Bogusław Wołoszański (born March 22, 1950, in Piotrków Trybunalski) is a Polish journalist, author, populariser of history, and politician. He is well known as the author of historical books and the originator and creator of the TVP1 television program "Sensations of the 20th Century." Wołoszański serves as MP for the 10th Sejm.

== Early life and education ==
Bogusław Wołoszański was born to Marian Wołoszański (1908–2004), a teacher and headmaster of a boarding school in Piotrków Trybunalski, and Irena née Malinowska (1908–1992). During the September Campaign of World War II, his father served in the 25th Infantry Regiment and later became a member of the Home Army under the pseudonym "Orzeł."

Wołoszański graduated with the law degree from the Faculty of Law and Administration at the University of Warsaw in 1971 and participated in a doctoral seminar under Professor Stanisław Ehrlich. He furthered his studies at the Institute of Journalism at the University of Warsaw and, in 1979, commenced directing at the Faculty of Radio and Television at the University of Silesia, which he did not complete due to family and professional obligations.

== Professional career ==
His career began at the national council in Wieluń, followed by a collaboration with the youth editorial office of Polish Television, where he hosted "Telewizyjny Ekran Młodych." Between 1973 and 1983, he worked in the international editorial department of TVP. In 1983, he became deputy director of the educational programmes directorate and started working on "Sensations of the 20th Century" directed by Adek Drabiński. Wołoszański then spent three years in London as a correspondent and returned to become deputy director of TVP1.
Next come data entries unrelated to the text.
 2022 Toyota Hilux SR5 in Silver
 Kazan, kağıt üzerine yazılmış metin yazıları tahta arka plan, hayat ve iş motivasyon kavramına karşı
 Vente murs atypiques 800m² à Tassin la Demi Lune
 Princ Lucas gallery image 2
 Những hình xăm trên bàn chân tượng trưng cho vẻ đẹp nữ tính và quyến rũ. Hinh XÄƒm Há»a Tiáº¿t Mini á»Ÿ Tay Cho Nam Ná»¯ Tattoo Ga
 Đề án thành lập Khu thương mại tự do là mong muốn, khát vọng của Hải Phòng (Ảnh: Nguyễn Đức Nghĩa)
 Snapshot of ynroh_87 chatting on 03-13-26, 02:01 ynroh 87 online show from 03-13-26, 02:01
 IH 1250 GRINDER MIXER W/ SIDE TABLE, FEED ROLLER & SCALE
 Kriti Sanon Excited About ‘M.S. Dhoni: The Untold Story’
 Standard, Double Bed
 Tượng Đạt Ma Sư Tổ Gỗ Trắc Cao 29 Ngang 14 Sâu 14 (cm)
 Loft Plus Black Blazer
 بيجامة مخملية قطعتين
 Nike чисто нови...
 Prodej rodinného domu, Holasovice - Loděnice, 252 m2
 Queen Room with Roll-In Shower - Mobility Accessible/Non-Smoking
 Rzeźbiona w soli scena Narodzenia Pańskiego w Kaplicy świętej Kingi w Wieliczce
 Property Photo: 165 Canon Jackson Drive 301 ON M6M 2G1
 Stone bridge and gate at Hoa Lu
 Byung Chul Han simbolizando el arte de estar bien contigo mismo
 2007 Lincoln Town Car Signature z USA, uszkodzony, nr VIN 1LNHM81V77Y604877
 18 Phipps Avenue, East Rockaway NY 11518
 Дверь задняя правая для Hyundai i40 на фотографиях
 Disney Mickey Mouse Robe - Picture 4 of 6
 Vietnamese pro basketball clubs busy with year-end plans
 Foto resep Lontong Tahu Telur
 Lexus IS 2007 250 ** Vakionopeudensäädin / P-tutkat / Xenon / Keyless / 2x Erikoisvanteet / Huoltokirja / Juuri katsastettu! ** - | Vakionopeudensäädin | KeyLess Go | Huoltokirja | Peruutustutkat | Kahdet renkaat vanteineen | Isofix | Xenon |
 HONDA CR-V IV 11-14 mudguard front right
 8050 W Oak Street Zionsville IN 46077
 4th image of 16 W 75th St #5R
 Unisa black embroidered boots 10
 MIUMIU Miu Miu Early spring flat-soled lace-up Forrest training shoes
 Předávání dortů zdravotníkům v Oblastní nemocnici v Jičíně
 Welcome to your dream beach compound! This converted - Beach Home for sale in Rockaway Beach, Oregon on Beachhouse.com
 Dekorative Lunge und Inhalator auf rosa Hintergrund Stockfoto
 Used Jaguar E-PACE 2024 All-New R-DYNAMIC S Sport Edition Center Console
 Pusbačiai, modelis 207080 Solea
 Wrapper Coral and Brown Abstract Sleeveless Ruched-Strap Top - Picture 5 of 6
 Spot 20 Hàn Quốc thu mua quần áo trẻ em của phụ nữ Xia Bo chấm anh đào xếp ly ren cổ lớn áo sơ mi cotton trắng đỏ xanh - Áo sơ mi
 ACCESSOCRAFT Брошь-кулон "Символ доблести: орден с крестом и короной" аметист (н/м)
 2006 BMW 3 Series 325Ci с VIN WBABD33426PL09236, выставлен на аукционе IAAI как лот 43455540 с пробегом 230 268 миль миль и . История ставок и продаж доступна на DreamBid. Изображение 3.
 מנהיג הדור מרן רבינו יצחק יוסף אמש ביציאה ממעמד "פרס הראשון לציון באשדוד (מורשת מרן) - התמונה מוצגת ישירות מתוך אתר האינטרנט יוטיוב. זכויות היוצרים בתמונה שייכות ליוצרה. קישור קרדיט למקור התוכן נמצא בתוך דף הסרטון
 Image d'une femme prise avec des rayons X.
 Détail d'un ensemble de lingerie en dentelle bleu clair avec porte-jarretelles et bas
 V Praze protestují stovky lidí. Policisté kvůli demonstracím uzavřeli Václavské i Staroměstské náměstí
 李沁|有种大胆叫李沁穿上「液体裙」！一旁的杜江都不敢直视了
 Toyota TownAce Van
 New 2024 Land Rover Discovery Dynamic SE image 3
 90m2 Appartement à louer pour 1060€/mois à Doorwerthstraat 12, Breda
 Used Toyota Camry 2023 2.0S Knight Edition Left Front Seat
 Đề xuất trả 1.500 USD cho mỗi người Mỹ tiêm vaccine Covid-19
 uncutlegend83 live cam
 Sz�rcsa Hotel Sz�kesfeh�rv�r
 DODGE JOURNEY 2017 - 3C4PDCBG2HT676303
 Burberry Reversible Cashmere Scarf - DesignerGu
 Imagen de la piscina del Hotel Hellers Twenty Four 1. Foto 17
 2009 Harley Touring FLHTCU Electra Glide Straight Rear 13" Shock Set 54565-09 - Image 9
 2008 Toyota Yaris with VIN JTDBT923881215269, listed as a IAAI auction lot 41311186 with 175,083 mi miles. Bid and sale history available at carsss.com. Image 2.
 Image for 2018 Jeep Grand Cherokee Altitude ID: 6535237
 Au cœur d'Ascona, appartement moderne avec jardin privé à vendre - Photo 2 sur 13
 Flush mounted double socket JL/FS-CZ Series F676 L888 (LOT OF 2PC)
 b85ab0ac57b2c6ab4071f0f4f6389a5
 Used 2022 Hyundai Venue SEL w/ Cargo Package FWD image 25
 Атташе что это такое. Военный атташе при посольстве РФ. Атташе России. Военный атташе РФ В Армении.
Throughout his career, Wołoszański has written several books and hosted numerous programs, including "Treasures of the Third Reich" and "Secret History of the 20th Century." His work on "Sensations of the 20th Century" resumed in collaboration with Polish Television and the National Geographic channel, leading to the premiere of "Historical Guide" in 2015.

== Political career ==
Wołoszański was a member of the Polish United Workers' Party from 1976 and, in 1985, signed a cooperation agreement with Department I of the Ministry of the Interior, which facilitated his work in London. He disclosed this cooperation in a vetting declaration in 2023. Running for the Sejm in the 2023 elections, he won a seat in the 10th term, receiving 35,202 votes and serving on the Committee on Culture and Media and National Defence.

== Honours ==
In 1998, he was awarded the Knight's Cross of the Order of Polonia Restituta, one of Poland's highest honors, recognizing his exceptional service to the country. His literary excellence was celebrated with the Bolesław Prus Award in 2000, an accolade named after the renowned Polish novelist. Wołoszański's deep ties and contributions to his birthplace, Piotrków Trybunalski, were acknowledged in 2001 when he was named an honorary citizen of the city. His impact on Polish television and culture was recognized with the prestigious Wiktor award in 1993 and the Super Wiktor in 1998, highlighting his influence in media. Furthermore, in 2003, he received the Dobosz of the Wielkopolska Uprising honorary award from the Society for the Remembrance of the Greater Poland Uprising 1918/1919, honoring his efforts in promoting the history of the Wielkopolska Uprising and Polish independence.